Le prince, cependant, ne se découragea pas. Le 25 septembre, à deux reprises encore, il s'efforça d'obtenir la cessation des combats par des voies de conciliation. Il envoya le lieutenant en second du 10e lanciers, l'adjudant-major H. de Ravenne, inviter le baron d'Hooghvorst à se rendre auprès de lui, « afin d'aviser ensemble aux moyens de rétablir la paix et la tranquillité dans la ville». A la« Commission administrative», Rogier s'opposa au départ de l'ancien chef de la garde bourgeoise, et il fut répondu à la proposition princière par l'exigence du retrait immédiat des troupes « à un rayon de huit lieues. Telles seraient les premières bases de tout arrangement ultérieur ». Le prince Frédéric s'inclina. « Son Altesse Royale le Prince Frédéric des Pays-Bas consent à retirer les troupes hors de la ville, à condition que les hostilités cessent de suite et que l'on s'adresse à son Altesse Royale pour concerter avec elle sur les moyens àprendre pour rétablir l'ordre et la tranquillité ». Mais cette fois, ce furent les membres de la « Commission administrative» où Rogier joue un rôle prépondérant qui ne se satisfirent plus du seul éloignement des troupes et qui manifestèrent une superbe audace. La réponse est remarquable. Elle est de Rogier, croyons-nous, car elle sent son juriste de droit public, l'étudiant de Liège, l'élève de Destrivaux qui se souvient de Jean-Jacques. « Prince! le sang du peuple versé et l'incendie d'une partie de la ville ont rendu aujourd'hui tout traité bien difficile. L 'exaspéra tion de tous les esprits est telle en ce moment que nous ne pouvons répondre que ce qui serait convenu par nous, serait l'expression de la Volonté générale (c'est nous qui soulignons). Toutefois, l'éloignement immédiat des troupes parviendrait peut-être à arrêter le massacre des soldats et à sauver la dynastie ».

* * *

Ainsi, le prince, chef militaire sans doute, mais personnage royal d'abord, incline constamment au recours à la négociation et à des solutions pacifiques du conflit. Cependant, tous ne partageaient pas ses vues au Grand Quartier Général. Certains militaires étaient partisans d'une répression draconienne de l'insurrection. Le 26, il sembla pendant quelques heures que cette solution allait triompher. Constant Rebecque ne voulait à aucun prix « céder à cette canaille ». « Il faut l'écraser », déclare-t-il au major von Gagern qu'il envoyait à Gand auprès du général duc Bernard de Saxe-Weimar, dont la violence de caractère était connue, pour l'appeler au commandement de l'Infanterie. En même temps, il avait fait venir le général Cort-Heyligers qui tenait les communications entre Bruxelles et Liège, avec un solide renfort de sept bataillons d'infanterie, un régiment de dragons et une batterie de canon. Enfin, il avait chargé le colonel Van Balveren, oublié à Assche depuis l'affaire de la rue de Flandre, de couper la route de Bruxelles à Ath. Pour redresser le moral des troupes, il leur adressa un ordre du jour énergique.

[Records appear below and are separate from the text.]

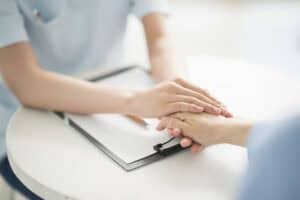 Protect GBV helpers too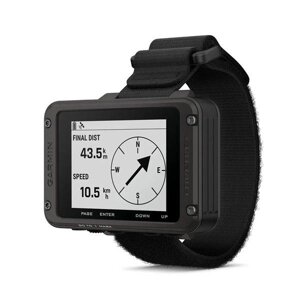 Наручний GPS-навігатор з ремінцем Garmin Foretrex 801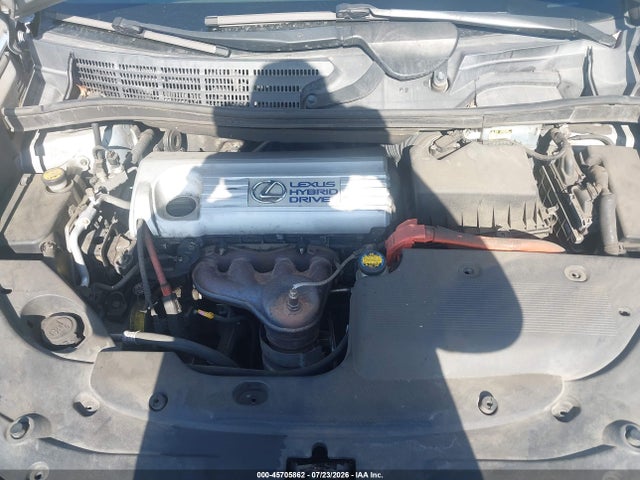 2010 Lexus Hs 250h Premium მანქანა იყიდება აუქციონზე, vin: JTHBB1BA5A2021378, აუქციონის ნომერი: 45705862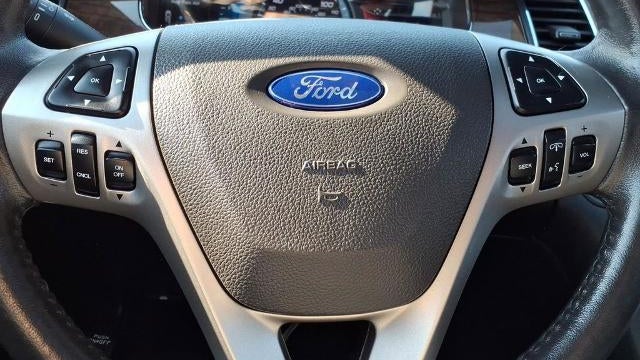 2015 Ford Taurus Limited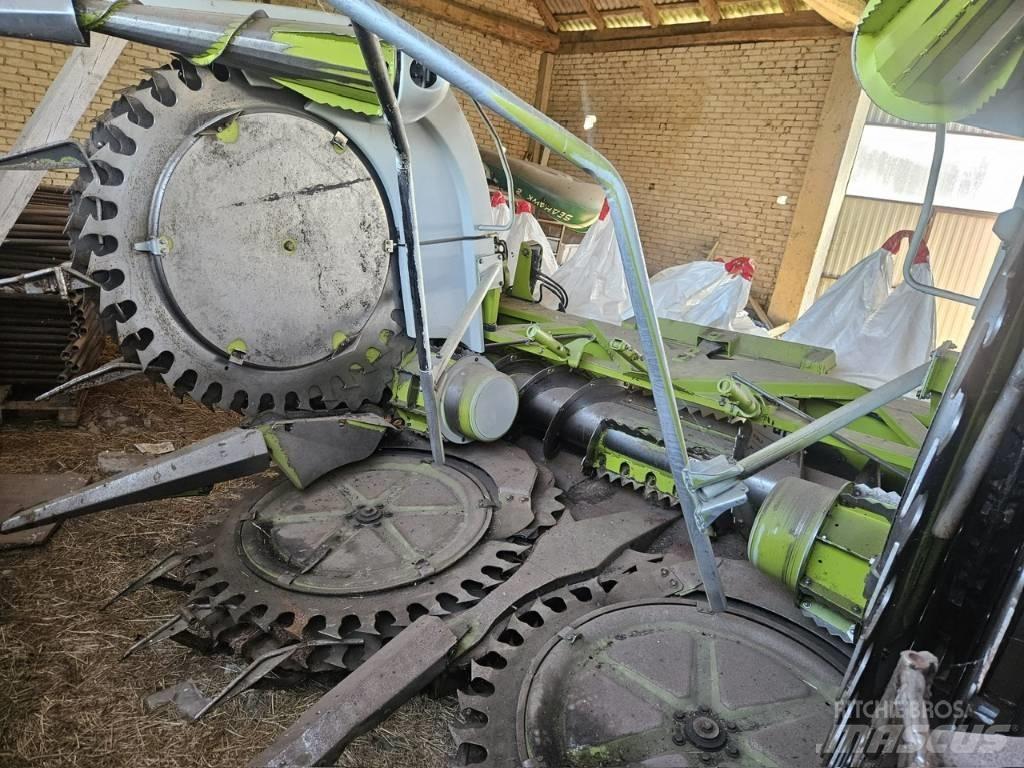 CLAAS RU 600 Xtra Biçerdöver kafaları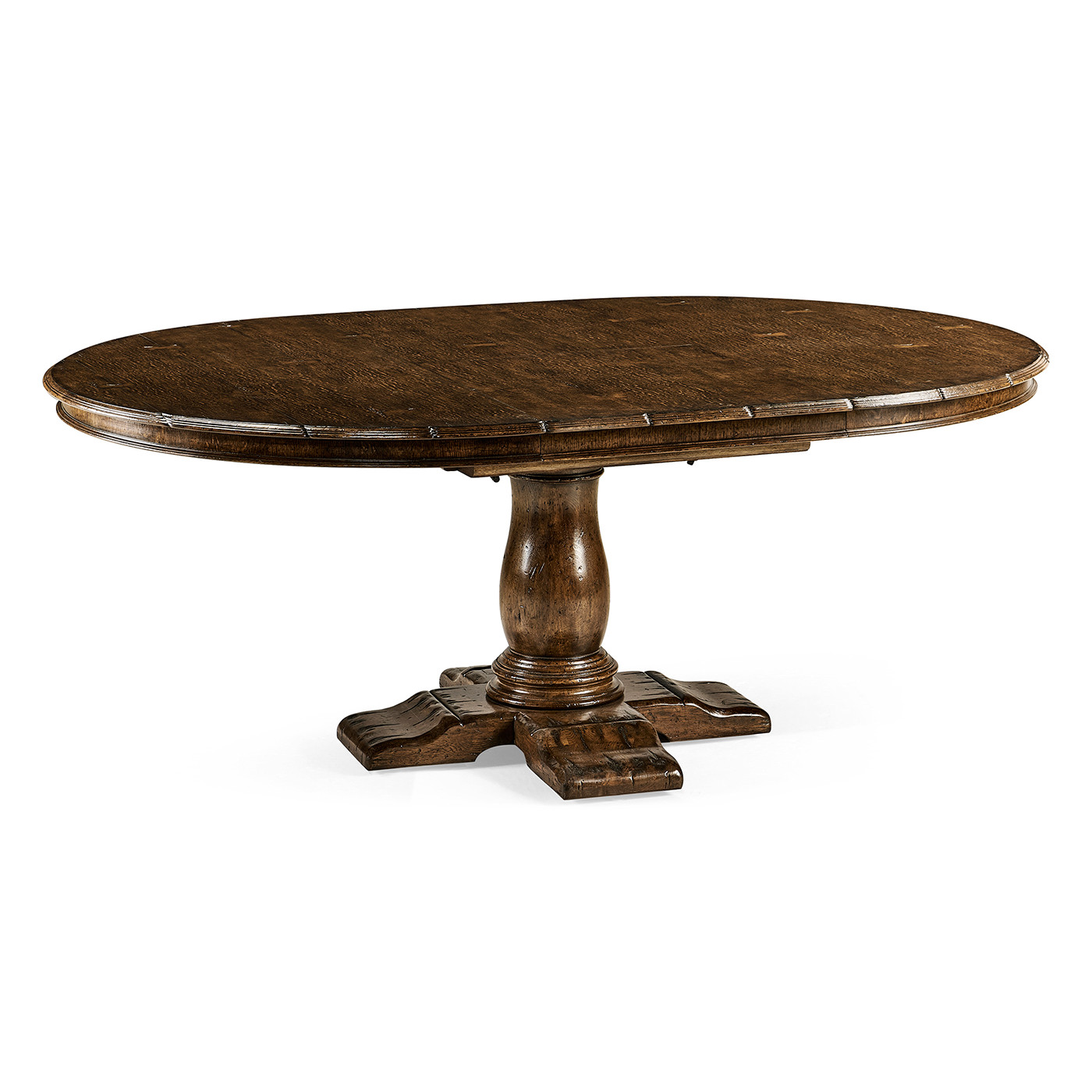 Extending Dark Oak Country Table 54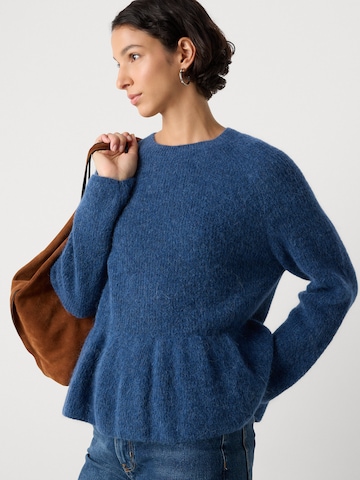 MOS MOSH - Jersey 'MMThora' en azul
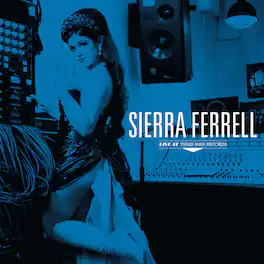 Sierra Ferrell - Sierra Ferrell Live at Third Man Records - RED - VINYL LP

Mais ce revirement ne plut pas à tout le monde. L'énergie de Constant Rebecque se heurta à la mollesse et au découragement de plusieurs officiers supérieurs. Le général d'infanterie Trip, le major Nepveu étaient partisans de traiter. Cette tendance l'emporta finalement. Le prince éloigna Constant Rebecque. La blessure que le général avait reçue le premier jour des combats fut le prétexte de son éloignement. Le major Nepveu qui le remplaça comme chef d'état-major du corps d'armée mobile était rallié àl'idée de la retraite... A deux heures de l'après-midi, au moment où le prince, les larmes aux yeux, embrassait Constant, envoyé à La Haye pour faire rapport au roi et soigner sa blessure, l'abandon de la ville par les troupes royales n'était plus une éventualité, c'était une certitude. Ainsi le pouvoir politique et même le pouvoir militaire n'ont pas voulu recourir à des procédés violents pour mater l'insurrection. Le bombardement de la ville de Bruxelles n'a pas été tenté. Les pièces d'artillerie dont le commandement disposait ne permettaient d'ailleurs pas une opération d'envergure. Lorsque dans le feu du combat et dans l'âpreté de la lutte, quelques-uns songèrent à des représailles que la rage commandait plus que la raison, des officiers belges au service du Roi manifestèrent clairement leur intention de déserter en cas de bombardement de leur capitale.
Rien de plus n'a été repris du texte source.